** Data for this exercise follows **

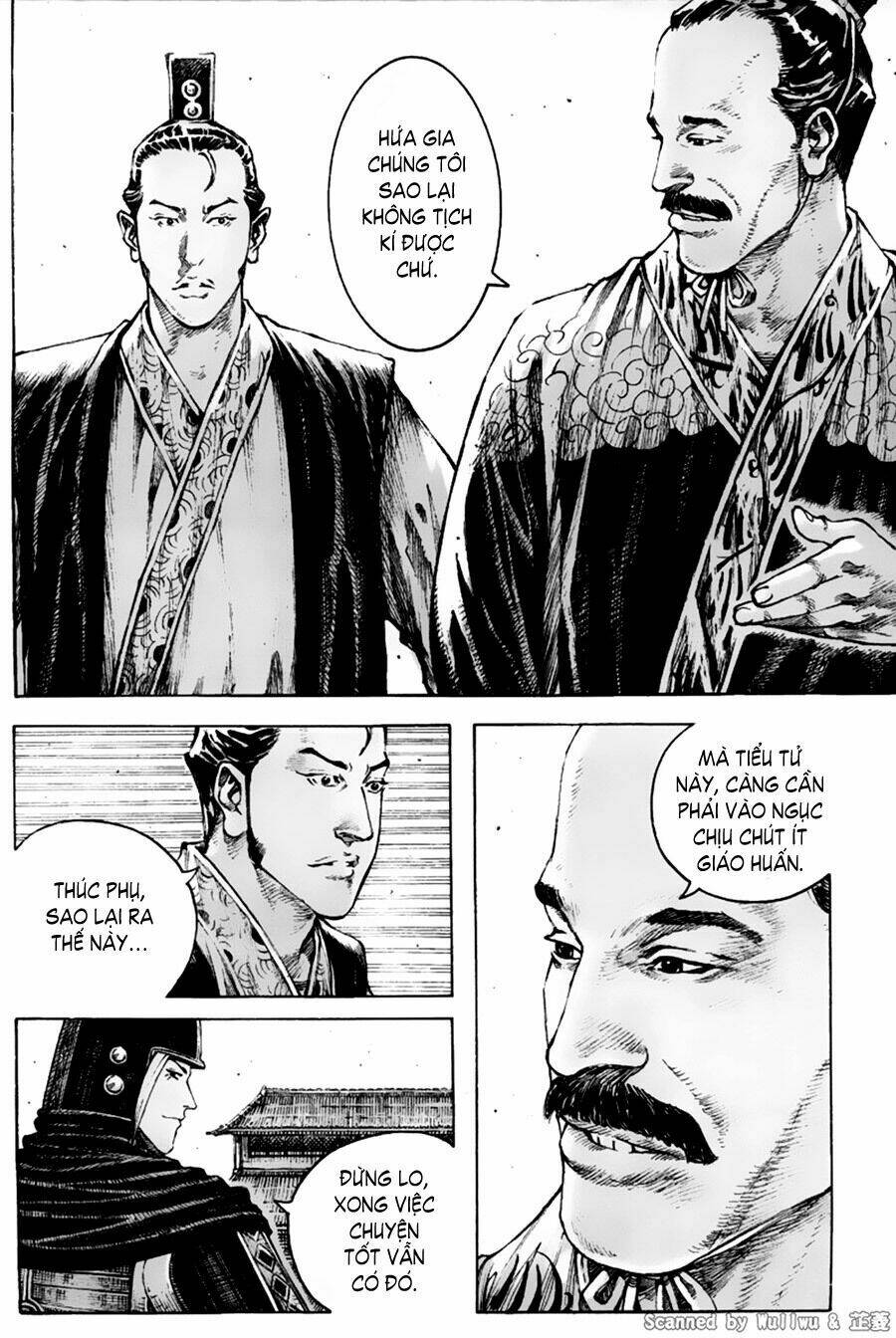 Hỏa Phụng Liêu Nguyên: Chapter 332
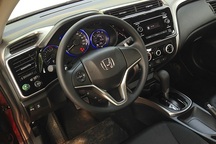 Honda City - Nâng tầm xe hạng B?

** End of Data for this exercise **
** Data for this exercise follows **

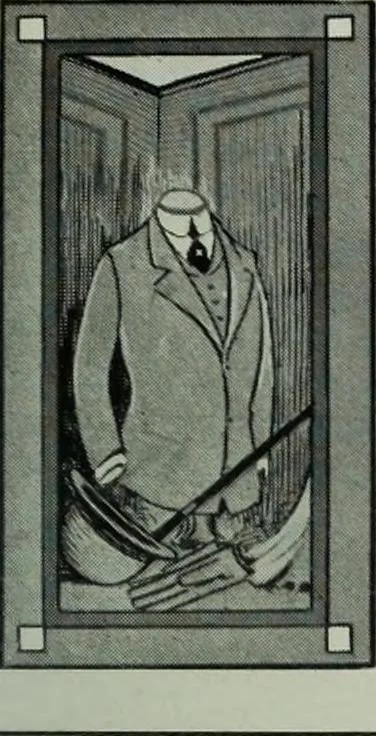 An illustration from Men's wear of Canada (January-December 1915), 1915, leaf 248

** End of Data for this exercise **

**Task goal:** Within the listing above, the lines starting at the one containing "Hỏa Phụng Liêu Nguyên: Chapter 332" and ending at the one containing "Honda City - Nâng tầm xe hạng B?" are to be returned exactly. Omit the pictures.

**Solution to the problem:**
 Hỏa Phụng Liêu Nguyên: Chapter 332
 Honda City - Nâng tầm xe hạng B?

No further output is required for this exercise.